Thursday marks the 137th anniversary of Alexander Graham Bell’s patent on the telephone.
The idea of transmitting sound over wire wasn’t new. The idea of using that sound to communicate via Morse code or other means had been around for generations.
But the idea that a voice could be transmitted over wire and received and perceived as a vocal communication at the other end of a wire was revolutionary.
This story has a darker side, though. Bell beat Elisha Gray to the patent office by mere hours. Gray is believed to have been a true inventor of the device. But he lost out to Bell and history has basically forgotten him.
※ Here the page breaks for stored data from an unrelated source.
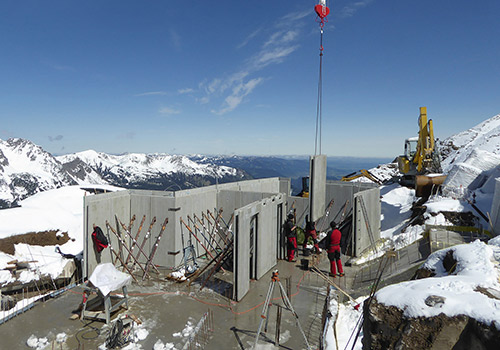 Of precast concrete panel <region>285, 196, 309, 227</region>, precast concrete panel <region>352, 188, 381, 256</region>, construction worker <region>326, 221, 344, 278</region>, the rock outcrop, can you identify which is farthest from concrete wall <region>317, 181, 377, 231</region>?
the rock outcrop

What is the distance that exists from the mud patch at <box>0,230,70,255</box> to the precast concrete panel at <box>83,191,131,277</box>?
5741mm

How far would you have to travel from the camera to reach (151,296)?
9758 mm

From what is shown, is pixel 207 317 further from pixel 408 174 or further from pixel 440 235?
pixel 408 174

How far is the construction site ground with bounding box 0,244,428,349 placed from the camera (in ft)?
24.4

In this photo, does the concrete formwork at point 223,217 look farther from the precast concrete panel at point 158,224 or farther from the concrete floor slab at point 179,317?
the concrete floor slab at point 179,317

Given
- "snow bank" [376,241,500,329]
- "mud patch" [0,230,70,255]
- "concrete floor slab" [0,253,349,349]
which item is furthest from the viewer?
"mud patch" [0,230,70,255]

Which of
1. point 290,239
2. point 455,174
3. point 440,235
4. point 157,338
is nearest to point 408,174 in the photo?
point 455,174

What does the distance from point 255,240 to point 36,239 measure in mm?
12366

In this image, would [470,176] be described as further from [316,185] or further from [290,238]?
[290,238]

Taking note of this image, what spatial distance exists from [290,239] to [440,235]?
19.6 feet

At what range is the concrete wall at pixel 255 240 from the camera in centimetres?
916

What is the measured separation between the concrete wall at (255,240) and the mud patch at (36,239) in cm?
1127

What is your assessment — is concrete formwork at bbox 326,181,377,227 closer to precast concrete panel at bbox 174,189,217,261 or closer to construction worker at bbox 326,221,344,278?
construction worker at bbox 326,221,344,278

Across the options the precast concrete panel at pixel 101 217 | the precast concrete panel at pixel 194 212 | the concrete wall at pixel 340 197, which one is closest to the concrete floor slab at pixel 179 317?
the precast concrete panel at pixel 101 217
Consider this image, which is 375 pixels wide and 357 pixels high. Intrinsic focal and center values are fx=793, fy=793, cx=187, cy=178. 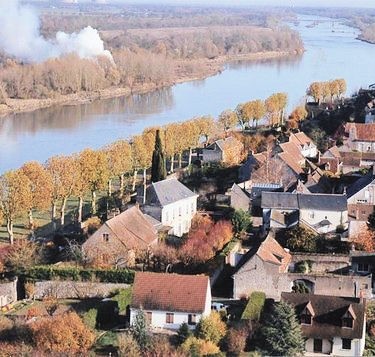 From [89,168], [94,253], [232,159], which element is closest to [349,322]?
[94,253]

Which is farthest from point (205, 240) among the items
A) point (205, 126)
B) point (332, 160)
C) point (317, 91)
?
point (317, 91)

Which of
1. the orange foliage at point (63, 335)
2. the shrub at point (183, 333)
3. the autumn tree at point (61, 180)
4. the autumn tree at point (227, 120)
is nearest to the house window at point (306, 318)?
the shrub at point (183, 333)

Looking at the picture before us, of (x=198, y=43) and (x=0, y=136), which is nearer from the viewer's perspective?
(x=0, y=136)

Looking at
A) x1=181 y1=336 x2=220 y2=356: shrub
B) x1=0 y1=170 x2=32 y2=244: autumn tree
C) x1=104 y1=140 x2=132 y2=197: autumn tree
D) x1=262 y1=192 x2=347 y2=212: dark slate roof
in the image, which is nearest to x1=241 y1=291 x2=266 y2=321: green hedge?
x1=181 y1=336 x2=220 y2=356: shrub

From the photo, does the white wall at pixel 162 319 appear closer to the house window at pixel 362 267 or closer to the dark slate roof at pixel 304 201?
the house window at pixel 362 267

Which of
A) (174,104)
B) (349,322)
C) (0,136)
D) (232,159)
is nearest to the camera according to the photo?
(349,322)

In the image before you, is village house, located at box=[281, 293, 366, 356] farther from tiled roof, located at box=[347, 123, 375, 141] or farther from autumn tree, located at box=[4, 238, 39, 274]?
tiled roof, located at box=[347, 123, 375, 141]

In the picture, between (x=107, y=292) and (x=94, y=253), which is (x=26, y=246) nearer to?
(x=94, y=253) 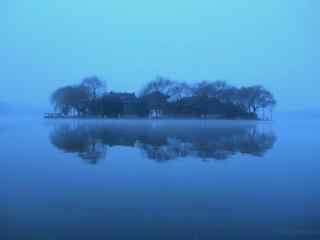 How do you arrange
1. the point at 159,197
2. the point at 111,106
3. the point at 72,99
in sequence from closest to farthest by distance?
the point at 159,197
the point at 111,106
the point at 72,99

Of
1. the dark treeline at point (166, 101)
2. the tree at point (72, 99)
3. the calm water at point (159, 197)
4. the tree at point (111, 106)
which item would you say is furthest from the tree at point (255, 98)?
the calm water at point (159, 197)

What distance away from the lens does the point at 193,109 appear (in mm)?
65625

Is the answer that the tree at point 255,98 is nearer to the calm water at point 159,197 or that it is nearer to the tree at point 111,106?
the tree at point 111,106

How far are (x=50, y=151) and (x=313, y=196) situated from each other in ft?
33.0

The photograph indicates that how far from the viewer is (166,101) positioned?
6625cm

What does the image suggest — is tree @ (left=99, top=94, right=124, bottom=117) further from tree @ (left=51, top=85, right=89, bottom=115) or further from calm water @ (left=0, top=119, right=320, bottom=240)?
calm water @ (left=0, top=119, right=320, bottom=240)

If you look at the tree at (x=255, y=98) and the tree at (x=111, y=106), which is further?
the tree at (x=255, y=98)

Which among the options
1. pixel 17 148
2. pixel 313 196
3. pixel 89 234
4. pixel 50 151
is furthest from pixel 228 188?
pixel 17 148

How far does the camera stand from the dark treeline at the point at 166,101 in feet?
214

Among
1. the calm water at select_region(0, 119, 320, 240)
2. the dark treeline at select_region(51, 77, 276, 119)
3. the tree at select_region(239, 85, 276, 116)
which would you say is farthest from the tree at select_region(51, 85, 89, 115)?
the calm water at select_region(0, 119, 320, 240)

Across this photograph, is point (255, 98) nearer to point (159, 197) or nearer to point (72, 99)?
point (72, 99)

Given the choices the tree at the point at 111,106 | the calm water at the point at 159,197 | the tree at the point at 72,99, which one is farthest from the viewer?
the tree at the point at 72,99

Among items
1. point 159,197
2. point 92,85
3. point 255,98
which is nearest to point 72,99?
point 92,85

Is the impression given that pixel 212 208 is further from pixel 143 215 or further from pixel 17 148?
pixel 17 148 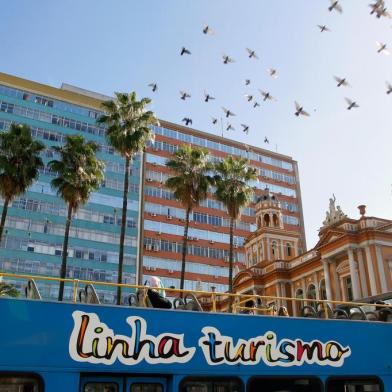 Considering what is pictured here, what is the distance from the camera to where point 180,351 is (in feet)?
28.4

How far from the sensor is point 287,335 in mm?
9789

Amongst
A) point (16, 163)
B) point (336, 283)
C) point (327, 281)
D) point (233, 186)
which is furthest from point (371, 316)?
point (327, 281)

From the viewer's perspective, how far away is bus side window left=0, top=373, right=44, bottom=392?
7.34 m

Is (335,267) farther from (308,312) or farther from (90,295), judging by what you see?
(90,295)

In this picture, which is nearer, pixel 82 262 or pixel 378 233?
pixel 378 233

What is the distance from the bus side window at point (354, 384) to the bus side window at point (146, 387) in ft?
11.8

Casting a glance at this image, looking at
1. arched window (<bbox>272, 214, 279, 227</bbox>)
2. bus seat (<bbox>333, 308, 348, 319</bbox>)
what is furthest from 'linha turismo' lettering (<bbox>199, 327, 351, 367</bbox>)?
arched window (<bbox>272, 214, 279, 227</bbox>)

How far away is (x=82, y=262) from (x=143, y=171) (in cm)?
1814

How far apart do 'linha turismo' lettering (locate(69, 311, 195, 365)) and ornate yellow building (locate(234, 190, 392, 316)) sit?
25.1m

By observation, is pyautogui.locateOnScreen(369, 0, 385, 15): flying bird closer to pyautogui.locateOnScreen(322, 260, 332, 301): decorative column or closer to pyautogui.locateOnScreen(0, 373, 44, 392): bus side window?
pyautogui.locateOnScreen(0, 373, 44, 392): bus side window

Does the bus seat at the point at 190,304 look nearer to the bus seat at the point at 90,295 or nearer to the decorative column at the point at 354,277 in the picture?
the bus seat at the point at 90,295

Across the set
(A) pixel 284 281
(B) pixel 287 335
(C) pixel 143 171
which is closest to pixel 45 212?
(C) pixel 143 171

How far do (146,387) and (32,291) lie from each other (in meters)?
2.69

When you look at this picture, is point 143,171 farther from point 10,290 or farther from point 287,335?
point 287,335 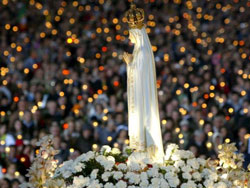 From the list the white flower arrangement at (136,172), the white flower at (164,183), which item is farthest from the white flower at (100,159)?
the white flower at (164,183)

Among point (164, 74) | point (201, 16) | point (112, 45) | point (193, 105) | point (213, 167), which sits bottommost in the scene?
point (213, 167)

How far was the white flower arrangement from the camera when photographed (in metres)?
6.24

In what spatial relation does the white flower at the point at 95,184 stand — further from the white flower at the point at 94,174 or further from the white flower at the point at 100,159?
the white flower at the point at 100,159

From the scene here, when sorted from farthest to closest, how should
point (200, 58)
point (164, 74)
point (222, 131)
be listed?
point (200, 58), point (164, 74), point (222, 131)

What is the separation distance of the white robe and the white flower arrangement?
16 cm

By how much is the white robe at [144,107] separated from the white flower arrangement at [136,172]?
156 mm

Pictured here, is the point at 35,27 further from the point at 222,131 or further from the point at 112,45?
the point at 222,131

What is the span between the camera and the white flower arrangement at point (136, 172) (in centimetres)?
624

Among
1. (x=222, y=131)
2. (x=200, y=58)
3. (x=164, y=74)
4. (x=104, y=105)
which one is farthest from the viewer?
(x=200, y=58)

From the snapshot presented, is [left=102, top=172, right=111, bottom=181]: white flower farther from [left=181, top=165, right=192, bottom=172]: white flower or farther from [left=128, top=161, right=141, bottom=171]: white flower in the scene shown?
[left=181, top=165, right=192, bottom=172]: white flower

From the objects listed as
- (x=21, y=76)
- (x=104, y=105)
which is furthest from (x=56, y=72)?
(x=104, y=105)

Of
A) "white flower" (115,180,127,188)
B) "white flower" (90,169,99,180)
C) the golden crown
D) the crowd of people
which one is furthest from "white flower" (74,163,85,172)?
the crowd of people

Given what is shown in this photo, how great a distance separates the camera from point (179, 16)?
747 inches

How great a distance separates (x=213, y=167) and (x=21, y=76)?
8.38 meters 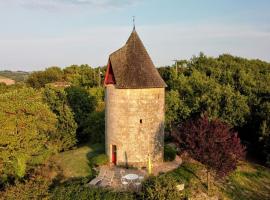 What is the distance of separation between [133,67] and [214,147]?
881cm

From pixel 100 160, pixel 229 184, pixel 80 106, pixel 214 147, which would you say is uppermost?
pixel 80 106

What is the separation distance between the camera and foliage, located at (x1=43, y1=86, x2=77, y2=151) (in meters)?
35.3

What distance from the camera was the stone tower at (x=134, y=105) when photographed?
25.4 m

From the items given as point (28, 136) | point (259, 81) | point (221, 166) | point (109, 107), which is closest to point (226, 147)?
point (221, 166)

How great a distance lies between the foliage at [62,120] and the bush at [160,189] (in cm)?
1685

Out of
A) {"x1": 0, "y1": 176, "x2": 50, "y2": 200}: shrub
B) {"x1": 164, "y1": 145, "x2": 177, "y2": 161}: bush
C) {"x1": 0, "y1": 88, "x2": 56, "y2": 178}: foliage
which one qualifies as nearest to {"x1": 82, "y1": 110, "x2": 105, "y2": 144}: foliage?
{"x1": 0, "y1": 88, "x2": 56, "y2": 178}: foliage

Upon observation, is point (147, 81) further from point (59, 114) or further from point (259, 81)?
point (259, 81)

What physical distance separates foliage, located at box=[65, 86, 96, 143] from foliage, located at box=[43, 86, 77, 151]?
1260mm

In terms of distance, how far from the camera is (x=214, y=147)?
72.9ft

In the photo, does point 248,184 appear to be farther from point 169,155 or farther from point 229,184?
point 169,155

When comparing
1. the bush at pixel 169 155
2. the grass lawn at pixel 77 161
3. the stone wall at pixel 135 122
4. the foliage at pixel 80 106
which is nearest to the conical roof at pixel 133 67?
the stone wall at pixel 135 122

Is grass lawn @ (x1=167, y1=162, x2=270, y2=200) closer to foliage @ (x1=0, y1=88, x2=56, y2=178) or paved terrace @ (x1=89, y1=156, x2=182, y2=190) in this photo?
paved terrace @ (x1=89, y1=156, x2=182, y2=190)

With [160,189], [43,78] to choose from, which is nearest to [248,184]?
[160,189]

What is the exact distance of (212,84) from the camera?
3791 cm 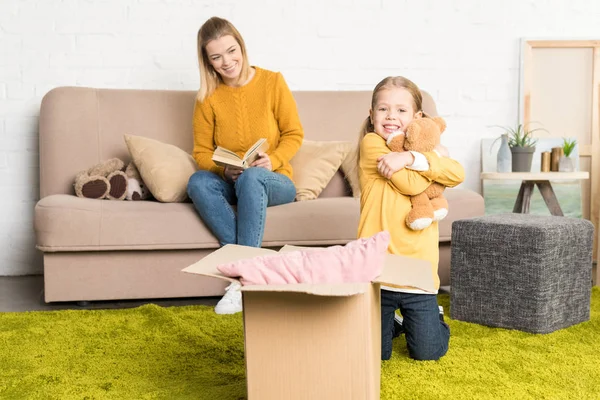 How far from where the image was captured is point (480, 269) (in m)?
2.21

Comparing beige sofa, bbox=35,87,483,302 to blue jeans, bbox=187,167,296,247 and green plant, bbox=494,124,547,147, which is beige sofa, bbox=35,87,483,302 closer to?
blue jeans, bbox=187,167,296,247

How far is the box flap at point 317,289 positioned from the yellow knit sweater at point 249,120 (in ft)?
5.38

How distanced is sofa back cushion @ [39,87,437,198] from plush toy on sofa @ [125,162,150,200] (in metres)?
0.19

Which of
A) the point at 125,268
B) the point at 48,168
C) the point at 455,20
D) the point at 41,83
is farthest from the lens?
the point at 455,20

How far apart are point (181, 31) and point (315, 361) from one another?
8.40 feet

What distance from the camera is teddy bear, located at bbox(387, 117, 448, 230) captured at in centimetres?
176

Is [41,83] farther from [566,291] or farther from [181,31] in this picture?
[566,291]

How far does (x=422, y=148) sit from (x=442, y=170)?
80 mm

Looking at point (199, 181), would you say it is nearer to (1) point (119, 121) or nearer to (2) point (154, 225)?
(2) point (154, 225)

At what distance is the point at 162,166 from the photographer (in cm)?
276

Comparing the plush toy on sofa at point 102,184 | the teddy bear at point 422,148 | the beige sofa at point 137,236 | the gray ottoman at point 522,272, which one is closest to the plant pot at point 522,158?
the beige sofa at point 137,236

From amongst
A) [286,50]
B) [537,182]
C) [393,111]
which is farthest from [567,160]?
[393,111]

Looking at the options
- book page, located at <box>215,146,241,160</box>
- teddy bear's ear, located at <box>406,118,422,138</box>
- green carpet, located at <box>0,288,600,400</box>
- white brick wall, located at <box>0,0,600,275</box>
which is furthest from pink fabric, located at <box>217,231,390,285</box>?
white brick wall, located at <box>0,0,600,275</box>

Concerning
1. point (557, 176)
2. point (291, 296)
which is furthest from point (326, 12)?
point (291, 296) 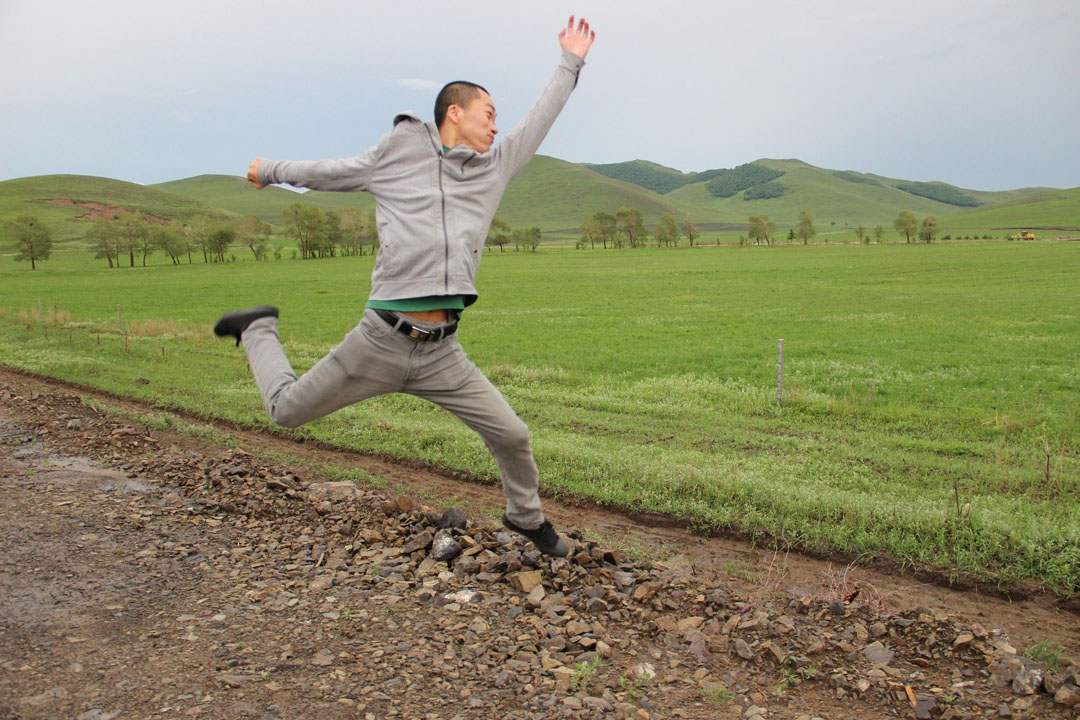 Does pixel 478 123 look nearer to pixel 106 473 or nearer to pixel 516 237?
pixel 106 473

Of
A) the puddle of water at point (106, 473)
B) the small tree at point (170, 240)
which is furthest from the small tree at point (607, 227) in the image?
the puddle of water at point (106, 473)

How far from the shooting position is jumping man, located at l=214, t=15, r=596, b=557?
14.2ft

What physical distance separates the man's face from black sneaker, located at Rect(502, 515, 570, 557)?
2558 mm

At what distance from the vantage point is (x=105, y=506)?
6.87 m

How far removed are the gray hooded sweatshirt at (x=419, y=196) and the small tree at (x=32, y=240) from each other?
10933 centimetres

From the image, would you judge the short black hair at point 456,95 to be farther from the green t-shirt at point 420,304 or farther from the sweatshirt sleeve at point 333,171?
the green t-shirt at point 420,304

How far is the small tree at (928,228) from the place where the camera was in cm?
12540

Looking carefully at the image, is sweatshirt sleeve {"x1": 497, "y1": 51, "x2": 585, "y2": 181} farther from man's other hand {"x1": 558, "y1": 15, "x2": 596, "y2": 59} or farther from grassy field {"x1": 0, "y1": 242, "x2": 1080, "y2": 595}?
grassy field {"x1": 0, "y1": 242, "x2": 1080, "y2": 595}

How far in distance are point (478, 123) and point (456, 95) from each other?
0.22 metres

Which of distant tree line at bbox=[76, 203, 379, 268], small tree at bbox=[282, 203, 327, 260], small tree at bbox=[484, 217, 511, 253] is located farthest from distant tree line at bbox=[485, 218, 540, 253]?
small tree at bbox=[282, 203, 327, 260]

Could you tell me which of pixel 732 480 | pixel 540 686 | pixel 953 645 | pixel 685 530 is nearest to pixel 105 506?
pixel 540 686

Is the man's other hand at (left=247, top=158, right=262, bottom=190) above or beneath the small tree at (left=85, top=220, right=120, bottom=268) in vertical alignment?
beneath

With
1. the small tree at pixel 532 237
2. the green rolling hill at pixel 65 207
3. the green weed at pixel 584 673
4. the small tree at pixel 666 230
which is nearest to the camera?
the green weed at pixel 584 673

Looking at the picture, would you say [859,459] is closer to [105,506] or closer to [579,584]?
[579,584] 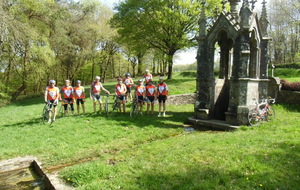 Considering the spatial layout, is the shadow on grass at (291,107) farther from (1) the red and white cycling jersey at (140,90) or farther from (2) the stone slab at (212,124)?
(1) the red and white cycling jersey at (140,90)

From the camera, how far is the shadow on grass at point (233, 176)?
4.24 metres

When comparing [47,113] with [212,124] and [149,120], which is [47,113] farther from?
[212,124]

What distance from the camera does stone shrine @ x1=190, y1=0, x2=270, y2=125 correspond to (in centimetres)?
929

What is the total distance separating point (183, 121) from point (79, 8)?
922 inches

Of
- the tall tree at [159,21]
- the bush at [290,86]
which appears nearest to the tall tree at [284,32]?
the tall tree at [159,21]

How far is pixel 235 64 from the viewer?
955 centimetres

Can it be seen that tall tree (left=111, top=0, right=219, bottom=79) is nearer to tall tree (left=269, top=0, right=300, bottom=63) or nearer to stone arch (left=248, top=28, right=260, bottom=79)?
stone arch (left=248, top=28, right=260, bottom=79)

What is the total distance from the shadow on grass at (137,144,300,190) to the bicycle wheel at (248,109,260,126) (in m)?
3.73

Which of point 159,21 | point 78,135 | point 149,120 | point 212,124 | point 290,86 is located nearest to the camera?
point 78,135

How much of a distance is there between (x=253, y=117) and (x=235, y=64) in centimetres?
235

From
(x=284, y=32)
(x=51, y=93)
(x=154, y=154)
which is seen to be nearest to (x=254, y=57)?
(x=154, y=154)

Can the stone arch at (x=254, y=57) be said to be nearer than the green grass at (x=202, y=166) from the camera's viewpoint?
No

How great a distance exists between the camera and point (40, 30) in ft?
69.7

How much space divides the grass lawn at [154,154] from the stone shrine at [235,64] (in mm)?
1448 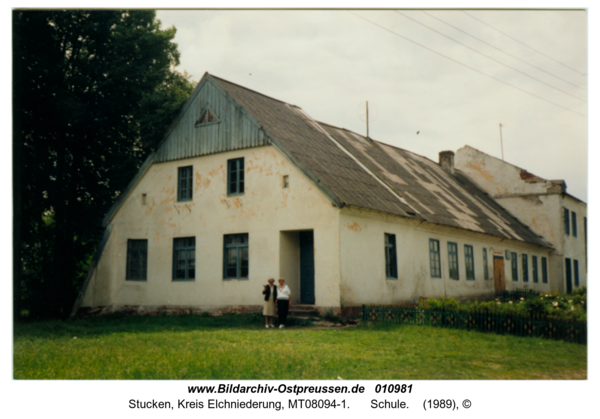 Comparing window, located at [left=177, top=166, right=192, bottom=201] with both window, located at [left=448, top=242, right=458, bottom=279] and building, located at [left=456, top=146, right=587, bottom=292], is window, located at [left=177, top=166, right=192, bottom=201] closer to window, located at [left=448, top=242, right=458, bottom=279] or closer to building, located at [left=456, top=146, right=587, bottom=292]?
window, located at [left=448, top=242, right=458, bottom=279]

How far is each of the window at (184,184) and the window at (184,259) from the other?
1.69 metres

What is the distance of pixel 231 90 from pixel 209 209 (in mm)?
4721

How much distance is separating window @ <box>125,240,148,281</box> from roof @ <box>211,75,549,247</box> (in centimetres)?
731

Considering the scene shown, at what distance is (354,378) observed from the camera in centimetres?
928

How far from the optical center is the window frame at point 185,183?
21531mm

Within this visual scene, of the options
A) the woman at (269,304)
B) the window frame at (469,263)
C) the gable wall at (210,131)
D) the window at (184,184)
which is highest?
the gable wall at (210,131)

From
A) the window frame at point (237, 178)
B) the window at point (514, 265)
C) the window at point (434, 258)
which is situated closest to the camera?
the window frame at point (237, 178)

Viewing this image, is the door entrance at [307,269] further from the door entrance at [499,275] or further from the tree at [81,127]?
the door entrance at [499,275]

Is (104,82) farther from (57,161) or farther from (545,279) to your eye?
(545,279)

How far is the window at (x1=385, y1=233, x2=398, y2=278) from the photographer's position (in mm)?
19906

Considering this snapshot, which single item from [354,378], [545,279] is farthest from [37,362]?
[545,279]

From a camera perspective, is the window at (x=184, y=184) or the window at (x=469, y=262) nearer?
the window at (x=184, y=184)

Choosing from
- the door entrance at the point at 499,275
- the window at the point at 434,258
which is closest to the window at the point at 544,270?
the door entrance at the point at 499,275

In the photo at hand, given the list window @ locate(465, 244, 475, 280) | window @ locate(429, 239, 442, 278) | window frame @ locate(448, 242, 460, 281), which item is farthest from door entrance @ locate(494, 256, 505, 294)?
window @ locate(429, 239, 442, 278) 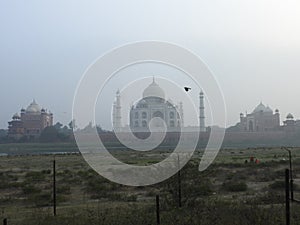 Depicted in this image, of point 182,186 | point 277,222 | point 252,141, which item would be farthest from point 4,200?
point 252,141

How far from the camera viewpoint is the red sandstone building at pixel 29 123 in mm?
121312

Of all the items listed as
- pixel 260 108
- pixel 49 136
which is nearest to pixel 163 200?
pixel 49 136

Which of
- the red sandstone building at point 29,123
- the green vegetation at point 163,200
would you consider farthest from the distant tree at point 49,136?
the green vegetation at point 163,200

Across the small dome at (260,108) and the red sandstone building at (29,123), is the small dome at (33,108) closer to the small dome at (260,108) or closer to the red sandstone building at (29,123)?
the red sandstone building at (29,123)

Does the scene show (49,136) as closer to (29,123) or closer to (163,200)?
(29,123)

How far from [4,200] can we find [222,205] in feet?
36.0

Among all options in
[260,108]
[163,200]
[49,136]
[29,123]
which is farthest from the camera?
[260,108]

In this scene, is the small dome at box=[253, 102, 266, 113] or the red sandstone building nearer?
the red sandstone building

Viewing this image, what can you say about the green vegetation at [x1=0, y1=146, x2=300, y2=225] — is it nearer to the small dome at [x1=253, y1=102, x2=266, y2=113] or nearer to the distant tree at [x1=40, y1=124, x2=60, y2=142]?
the distant tree at [x1=40, y1=124, x2=60, y2=142]

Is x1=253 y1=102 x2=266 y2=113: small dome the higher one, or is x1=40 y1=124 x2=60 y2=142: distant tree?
x1=253 y1=102 x2=266 y2=113: small dome

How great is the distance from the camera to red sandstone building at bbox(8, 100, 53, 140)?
12131 centimetres

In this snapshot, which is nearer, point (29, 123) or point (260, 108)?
point (29, 123)

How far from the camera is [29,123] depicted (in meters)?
128

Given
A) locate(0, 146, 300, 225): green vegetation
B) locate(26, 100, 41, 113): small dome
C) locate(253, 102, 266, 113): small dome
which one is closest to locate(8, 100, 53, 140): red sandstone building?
locate(26, 100, 41, 113): small dome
But even though his life maintained a lower profile than Bell’s, Gray did invent the music synthesizer and received 69 other patents all while co-founding the Western Electric Manufacturing Company.
Back to Bell, you have to wonder what a man who had just lived through the Civil War and the abolition of slavery expected from this new invention.
There were no lines able to transmit his new technology. There were no devices in stores to receive the transmission if there would have been.
So he can tell his assistant, “Mr. Watson, come here, I need you” but there isn’t a lot of profit built into that.
But that’s why I love people with vision. I have limited vision. My ability tends to be in the area of reinvention. In some cases, I can take a system and improve it. I know how to work hard and make an existing system work better.
But when that system doesn’t already exist, I may not be the best person to call for help.
But Bell and those he worked with envisioned people across the country talking to each other on devices in their living rooms.
Lines were run, devices were developed and sold and before long, Elvis had a phone in his bathroom.
The most incredible thing about the patent of the telephone is that less than 100 years later a man made the first public cell phone call.
It has been 40 years since that first call made from a phone without wires.
In that time, we have had phones we carried in bags and plugged into our cars. We had really cool people with cars so fancy that they had their own fax machines.
Then Zach Morris brought us his mega-Phone on Saved by the Bell and Will Ferrell’s character Mugatu, carried a thumbnail sized cell phone in the movie Zoolander.
Less than 140 years after Bell received the first patent for a modern telephone, the modern telephone is becoming a relic as many people are abandoning landlines for their mobile phones. Of course a more recent development is that people are abandoning their computers for those same devices.
Technology is moving fast and accelerating. Communication for business and recreation are primary drivers of today’s economy and society.
Pursue your vision. Imagine the scenario you want to create and give your vision a rudimentary beginning.
If we can go from an interoffice request to come in here to watching videos on Youtube on a pocket-sized device in less than 140 years, who knows where your vision could take us?